Di passaggio a Bologna alcuni giorni fa, il sound artist britannico Simon Whetham si è esibito in una performance a Euphorbia, luogo atipico di esperienze musicali all’interno di un palazzo del ‘500.
Whetham è on the road da una decina d’anni, registrando sul campo e pubblicando per etichette all’avanguardia sul fronte dell’abstract music e della musica atmosferica: Baskaru, Crónica Electronica, LINE, Entr’acte, Helen Scarsdale Agency.
Attraverso il progetto “Active Crossover”, le numerose residenze artistiche, i workshop, Whetham raccoglie suoni provenienti dai contesti più disparati nel mondo — Cile, Estonia, Giappone, Corea del Sud, Australia, Islanda, solo per menzionare alcuni Paesi.
Il materiale grezzo acquisito viene distillato e ricomposto secondo uno schema compositivo determinato, talvolta con l’intervento di strumenti musicali. Il suono che ne deriva corrisponde, nell’esperienza dell’ascolto dal vivo, a un’immersione integrale nell’essenza della materia stessa da cui è originato.
L’ascolto collettivo, concentrato e attento, enfatizza la ritualità della dimensione performativa. Whetham si muove tra il pubblico disponendo microfoni e casse che riproducono i suoni dal vivo, come se l’ambiente e le interazioni tra i presenti fossero essi stessi strumenti da suonare. Un “qui ed ora” che determina una nuova consapevolezza della percezione sonora.

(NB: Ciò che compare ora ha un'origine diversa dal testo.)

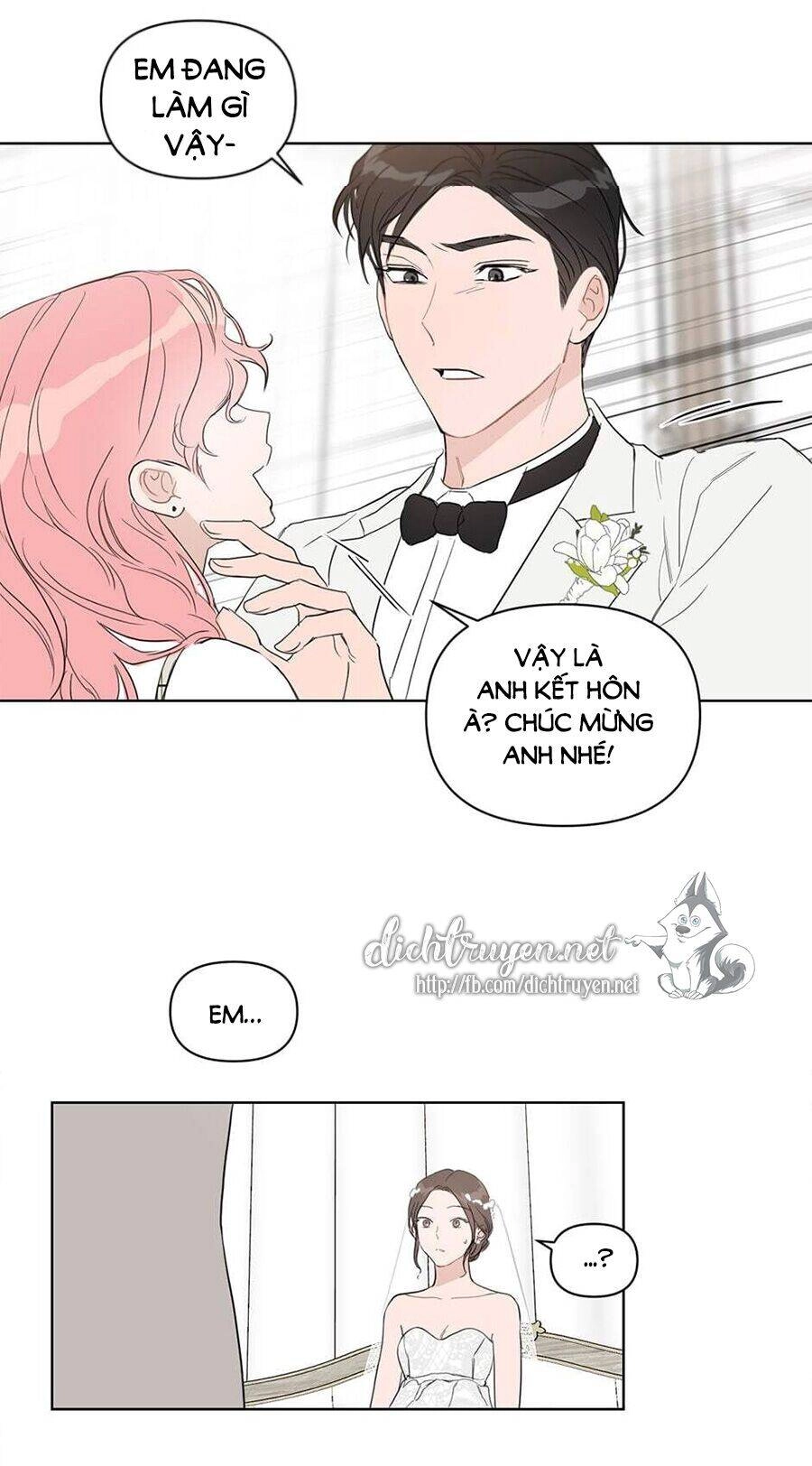 Baby Đến Rồi! Chapter 36 - 55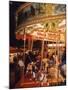 Carousel 1993-null-Mounted Photographic Print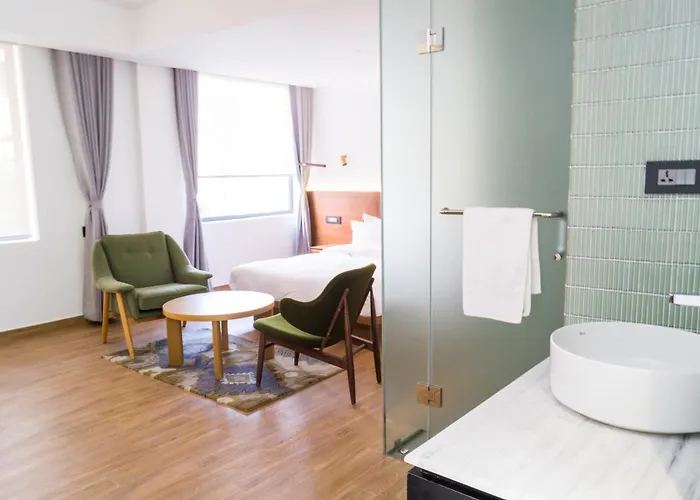 Hotel Nomad Lazimpat 4*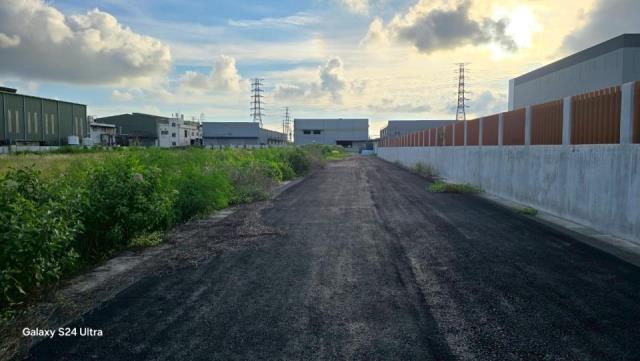 高雄岡山建地_工業地-2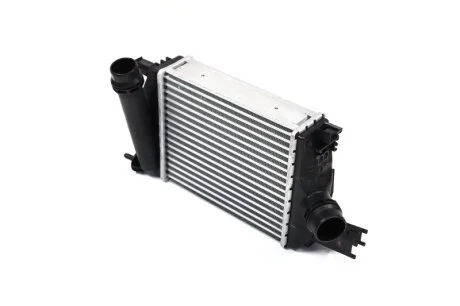 Интеркулер DACIA LOGAN/ CLIO/ DOKKER (Ava) AVA COOLING DAA4013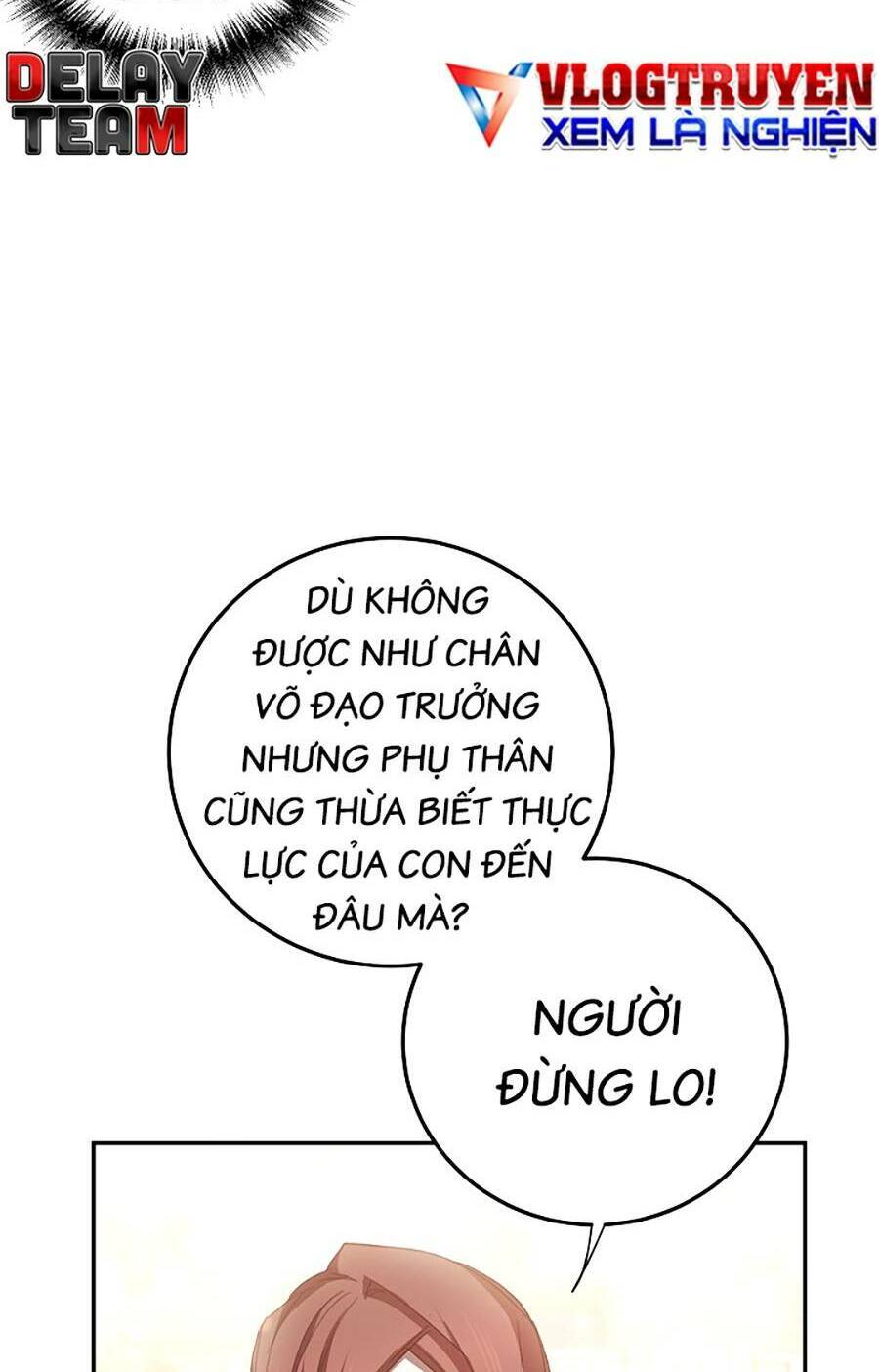 Võ Đang Kỳ Hiệp Chapter 101 - Trang 2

E in effetti è questo il senso della ricerca che Whetham ha intrapreso, ormai da tempo. Una pratica quotidiana che mette in gioco l’esplorazione di sonorità nascoste, l’invenzione di tecniche per acquisirle, la riflessione compositiva e l’interazione con altri artisti e musicisti in un dialogo che si evolve, alla scoperta di un universo sonoro che è anche memoria collettiva. Perché il silenzio, in realtà, non esiste.